Born in Emden, Germany in 1940, Helma Sanders-Brahms studied drama, German and English in Hanover and Cologne before apprenticing with Italian directors Sergio Corbucci and Pier Paolo Pasolini (1969). She has been making shorts, documentaries and features for both television and cinema since 1969. Her best known film (winner of numerous international awards) is GERMANY, PALE MOTHER (1979, the title borrowed from Brecht's poem) about memories of her own mother during the Nazi and postwar eras. Her other features include: SHIRIN'S WEDDING (1975), HEINRICH (1977), NO FUTURE (1981), THE HEIRESSES (1982), THE FUTURE OF EMILY (1984), LAPUTA (1986, winner of the Special Jury Award in Montreal), DIVIDED LOVE (1988), APPLE TREES (1992) and TO LIVE NOW -- JEWS IN BERLIN (1994). Sanders-Brahms was a member of the jury of the World Film Festival in 1991.

 

MY HEART IS MINE ALONE (HC)
1997 / 35 mm / Couleur / 101 min.
Germany
D1.27.3, D1.28.4, D1.31.2 

Dir.: Helma Sanders-Brahms; Script: Helma Sanders-Brahms; Phot.: Roland Dressel; Ed.: Monika Schlinder, Nadine Schulze, Helma Sanders-Brahms; Mus.: Peter Kowald, Eckard Koltermann, Angelika Flacke; Cast: Lena Stolze, Cornelius Obonya, Rene Shubert, Leonard Schnitman, Anna Sanders, Janina Berge; Prod.: Helma Sanders-Brahms, Wartenburgstrasse 18, 10963 Berlin (Allemagne), tél.: (030) 215 83 44, fax: (030) 215 83 44; Sales: Filmverlag der Autoren, Rambergstrasse 5, 80799 Munich (Allemagne), tél.: (089) 38 17 00 30, fax: (089) 38 17 00 20 .
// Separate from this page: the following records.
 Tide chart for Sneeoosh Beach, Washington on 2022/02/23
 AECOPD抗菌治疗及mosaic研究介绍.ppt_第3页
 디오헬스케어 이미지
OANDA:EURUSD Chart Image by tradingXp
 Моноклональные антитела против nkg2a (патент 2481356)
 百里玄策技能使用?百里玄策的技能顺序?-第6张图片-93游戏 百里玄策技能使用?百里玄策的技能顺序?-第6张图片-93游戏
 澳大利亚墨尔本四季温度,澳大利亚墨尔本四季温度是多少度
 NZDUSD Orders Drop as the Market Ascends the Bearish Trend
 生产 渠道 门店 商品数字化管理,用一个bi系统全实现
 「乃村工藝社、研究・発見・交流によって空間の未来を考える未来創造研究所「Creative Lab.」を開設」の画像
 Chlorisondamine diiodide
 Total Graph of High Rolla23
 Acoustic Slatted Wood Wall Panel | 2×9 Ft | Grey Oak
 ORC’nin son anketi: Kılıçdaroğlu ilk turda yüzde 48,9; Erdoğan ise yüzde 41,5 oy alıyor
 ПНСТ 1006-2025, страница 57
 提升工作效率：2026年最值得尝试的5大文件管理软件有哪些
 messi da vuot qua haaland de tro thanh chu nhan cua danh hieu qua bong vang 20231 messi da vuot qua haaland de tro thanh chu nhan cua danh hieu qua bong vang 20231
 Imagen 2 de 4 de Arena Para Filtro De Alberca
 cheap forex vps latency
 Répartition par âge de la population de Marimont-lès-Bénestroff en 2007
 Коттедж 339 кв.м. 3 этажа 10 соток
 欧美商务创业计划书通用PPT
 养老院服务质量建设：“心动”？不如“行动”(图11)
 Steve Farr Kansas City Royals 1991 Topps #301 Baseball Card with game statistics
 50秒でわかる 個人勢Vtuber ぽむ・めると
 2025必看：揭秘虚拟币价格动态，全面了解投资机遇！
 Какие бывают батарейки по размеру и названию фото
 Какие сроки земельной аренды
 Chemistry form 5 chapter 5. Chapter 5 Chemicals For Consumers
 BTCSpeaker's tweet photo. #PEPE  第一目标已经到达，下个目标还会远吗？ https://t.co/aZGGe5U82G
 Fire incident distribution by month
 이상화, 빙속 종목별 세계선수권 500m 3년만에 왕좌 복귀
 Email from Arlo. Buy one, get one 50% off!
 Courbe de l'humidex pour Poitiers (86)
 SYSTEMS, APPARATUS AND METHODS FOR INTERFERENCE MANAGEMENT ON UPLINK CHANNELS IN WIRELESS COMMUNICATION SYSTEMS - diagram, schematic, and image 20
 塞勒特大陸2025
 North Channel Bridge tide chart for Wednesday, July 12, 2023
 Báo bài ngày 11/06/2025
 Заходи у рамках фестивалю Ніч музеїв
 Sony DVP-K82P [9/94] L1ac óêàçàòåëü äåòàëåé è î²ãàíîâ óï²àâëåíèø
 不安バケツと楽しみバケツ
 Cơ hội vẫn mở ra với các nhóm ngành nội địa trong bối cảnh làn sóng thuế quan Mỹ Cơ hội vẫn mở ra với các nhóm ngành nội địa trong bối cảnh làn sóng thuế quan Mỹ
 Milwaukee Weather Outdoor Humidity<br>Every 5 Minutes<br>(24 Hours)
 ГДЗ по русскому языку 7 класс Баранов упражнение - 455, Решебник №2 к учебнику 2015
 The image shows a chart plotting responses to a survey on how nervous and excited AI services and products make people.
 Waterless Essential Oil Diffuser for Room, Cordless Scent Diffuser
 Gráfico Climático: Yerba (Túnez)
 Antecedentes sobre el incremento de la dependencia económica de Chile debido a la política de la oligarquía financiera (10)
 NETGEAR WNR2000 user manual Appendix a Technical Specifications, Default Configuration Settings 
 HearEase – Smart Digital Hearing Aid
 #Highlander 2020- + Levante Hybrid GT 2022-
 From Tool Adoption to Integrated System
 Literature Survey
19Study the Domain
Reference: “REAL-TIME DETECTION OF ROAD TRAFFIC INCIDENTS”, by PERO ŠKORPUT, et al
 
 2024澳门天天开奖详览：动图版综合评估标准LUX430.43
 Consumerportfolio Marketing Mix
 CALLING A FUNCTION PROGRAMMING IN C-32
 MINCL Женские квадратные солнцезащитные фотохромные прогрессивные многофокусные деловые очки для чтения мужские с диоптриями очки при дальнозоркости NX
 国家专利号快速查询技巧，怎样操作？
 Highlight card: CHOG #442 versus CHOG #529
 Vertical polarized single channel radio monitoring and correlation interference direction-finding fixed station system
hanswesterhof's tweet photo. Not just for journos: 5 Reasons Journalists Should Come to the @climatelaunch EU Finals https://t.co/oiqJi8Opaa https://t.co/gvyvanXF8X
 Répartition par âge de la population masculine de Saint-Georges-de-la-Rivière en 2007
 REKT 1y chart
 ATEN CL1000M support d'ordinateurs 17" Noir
Else Lasker-Schüler, one of the pioneers of German Expressionism, had a tumultuous affair with the doctor and poet Gottfried Benn. They had loved each other and exchanged some of the most beautiful love poetry in German literary history -- passionate, sensual, desperate, wild. Their words were full of adoration... and hatred. Else was a Jew and Gottfried was an enthusiastic supporter of the Nazis. While he welcomed the changes in Germany she was obliged to leave the site of her greatest triumphs, wandering from country to country like a beggar until she found her true home, in Jerusalem. Gotfried soon realized his great mistake, however, when the Nazis condemned his art as "degenerate" and began banning his books. Germany was destroying its Jewish population, and itself. Gottfried's elegy to Else after her death is a declaration of his enduring love.